Gage looked at the knife, then into Cal ’s face. “Blood brothers.”
“Yeah.”
“Cool.” Already committed, Fox held out his hand.
“At midnight,” Cal said. “We should do it at midnight, and we should have some words to say.”
“We’ll swear an oath,” Gage said. “That we mix our blood, um, three into one? Something like that. In loyalty.”
“That’s good. Write it down, Cal.”
Cal dug pencil and paper out of his pack. “We’ll write words down, and say them together. Then we’ll do the cut and put our wrists together. I’ve got Band-Aids for after if we need them.”
Cal wrote the words with his Number Two pencil on the blue lined paper, crossing out when they changed their minds.
Fox added more wood to the fire so that the flames crackled as they stood by the Pagan Stone.
At moments to midnight, they stood, three young boys with faces lit by fire and starlight. At Gage’s nod, they spoke together in voices solemn and achingly young.
“We were born ten years ago, on the same night, at the same time, in the same year. We are brothers. At the Pagan Stone we swear an oath of loyalty and truth and brotherhood. We mix our blood.”
Cal sucked in a breath and geared up the courage to run the knife across his wrist first. “Ouch.”
“We mix our blood.” Fox gritted his teeth as Cal cut his wrist.
“We mix our blood.” And Gage stood unflinching as the knife drew over his flesh.

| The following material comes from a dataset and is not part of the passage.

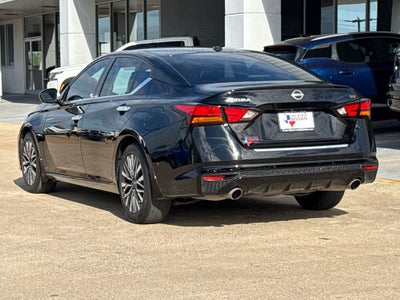 2023 Nissan Altima 2.5 SV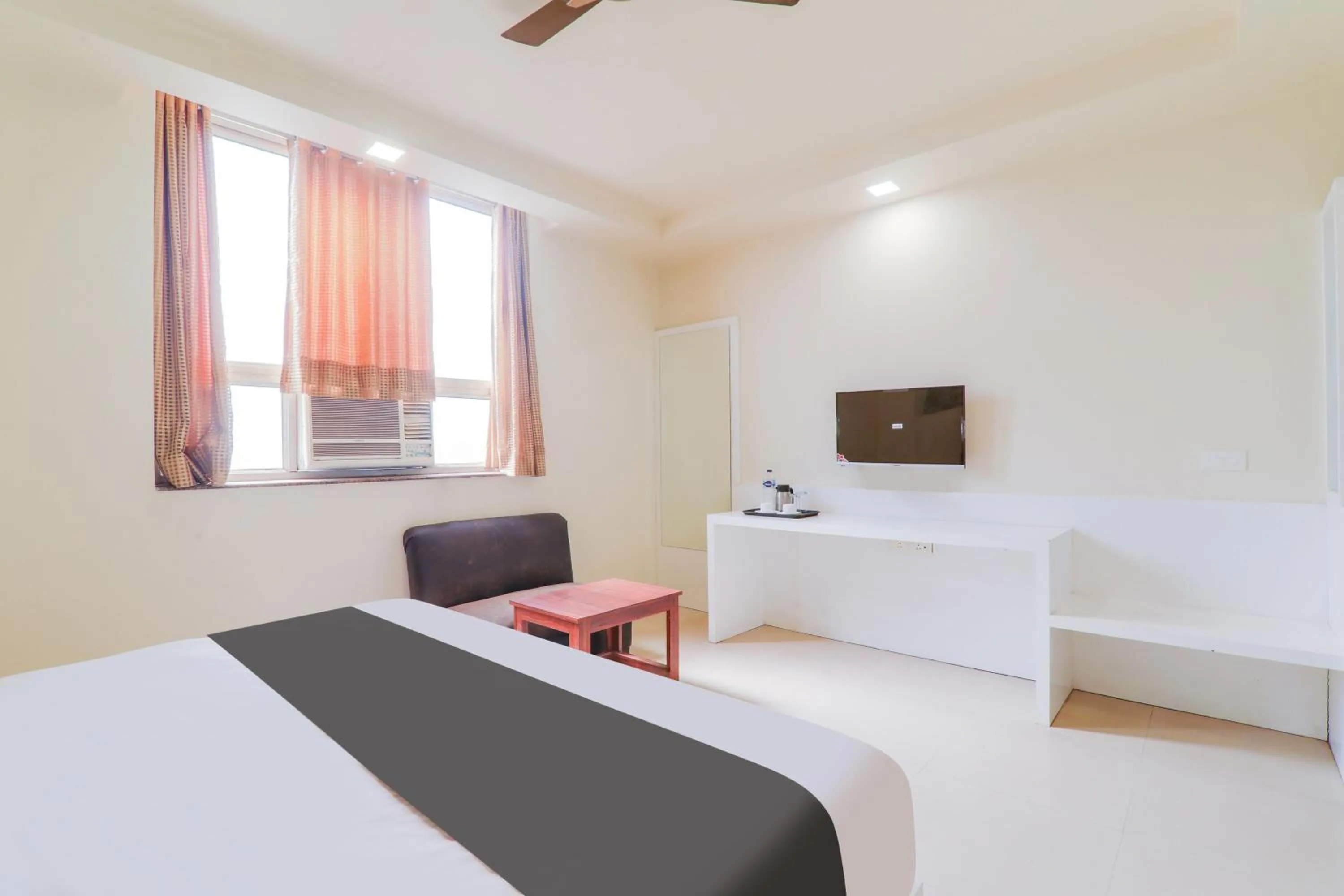 Bedroom, Bed in Super Collection O Civil Lines Near Old Bus Stand Formerly Imperial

“Three into one, and one for the three.”
Cal held his arm out. Fox, then Gage pressed their scored wrists down to his. “Brothers in spirit, in mind. Brothers in blood for all time.”
As they stood, clouds shivered over the fat moon, misted over the bright stars. Their mixed blood dripped and fell onto the burnt ground.
The wind exploded with a voice like a raging scream. The little campfire spewed up flame in a spearing tower. The three of them were lifted off their feet as if a hand gripped them, tossed them. Light burst as if the stars had shattered.